Más adelante, al crecer, incluso los más apasionados fans adultos han podido racionalizar y hablar de subgéneros y cultura pop, de símbolos y metáforas, de la simplicidad y la pureza moral de las historias, pero yo sospecho que nada de eso importaba a los niños, a la parte inocente y salvaje de nosotros que fue arrebatada por lo que experimentó.

Parte del encanto ha perdurado más allá de su tiempo. Crea, después de todo, un sentido de comunidad. Pregunté a un jovencísimo escritor y fan mexicano, nacido en los noventa, por qué le gustaba Star Wars y su respuesta fue, emoticón y todo, “Star Wars me enseñó a imaginar :’)”. Sin embargo, para que una narración se convierta en mitología no sólo necesita volumen: espacio para la invención y la exploración en su universo ficcional, sino también que en ese espacio contenga tantas variedades como sea posible de la experiencia y las preocupaciones de aquellos que la hacen suya. Y éstos cambian: nosotros cambiamos.
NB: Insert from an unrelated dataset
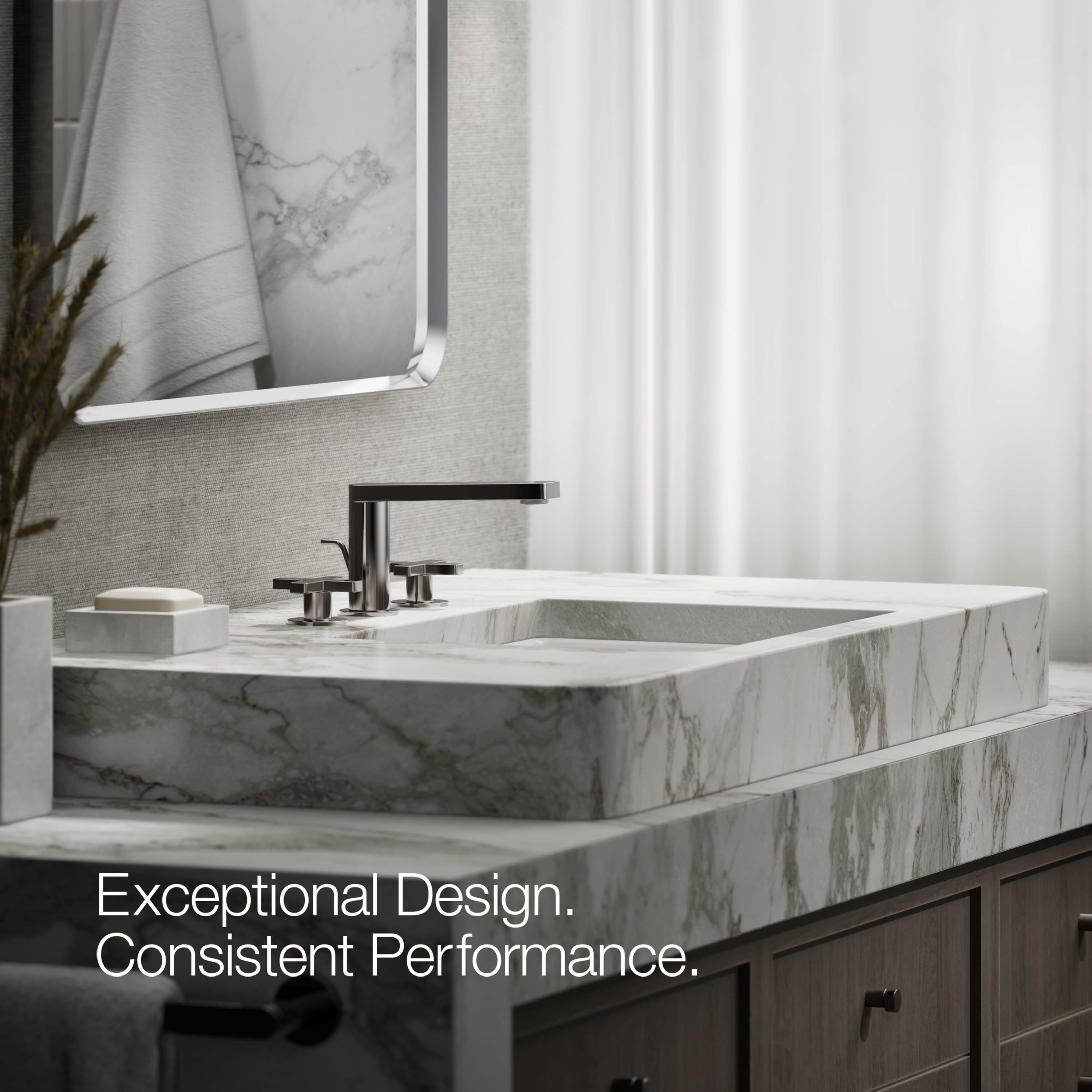 KOHLER 73060-3-TT Lavatory-Faucets - View #3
Aquí es donde se vuelve crucial que, en su paso hacia el siglo XXI, Star Wars se haya convertido en una mitología transmedia: una de las primeras a las que tiene sentido considerar en relación con ese término contemporáneo.

Su crecimiento fue análogo al de una mitología antigua. Su fuente principal, desde luego, es una compañía que funciona a lo largo de décadas y no una sociedad que se cuenta historias a lo largo de siglos, y su asiento es, en principio, audiovisual y no literario. Pero la propia Lucasfilm empezó a llamar canon a las películas cuando la explotación de la marca las dejó atrás y empezó a crear una relación compleja entre la serie fílmica y todos otros productos relacionados con ella, desde ebooks hasta cobertores. No sólo la influencia y el traspaso intertextual entre todos los diferentes medios utilizados fue constante (un juego de rol influía en una novela, digamos, que a su vez influía en un cómic y un videojuego, que terminaba por cambiar detalles en una serie o una película), sino que con el tiempo dio origen a jerarquías entre los diferentes textos narrativos (fílmicos, televisivos, novelescos, etcétera): una estratificación de su autoridad en el universo creciente de su ficción.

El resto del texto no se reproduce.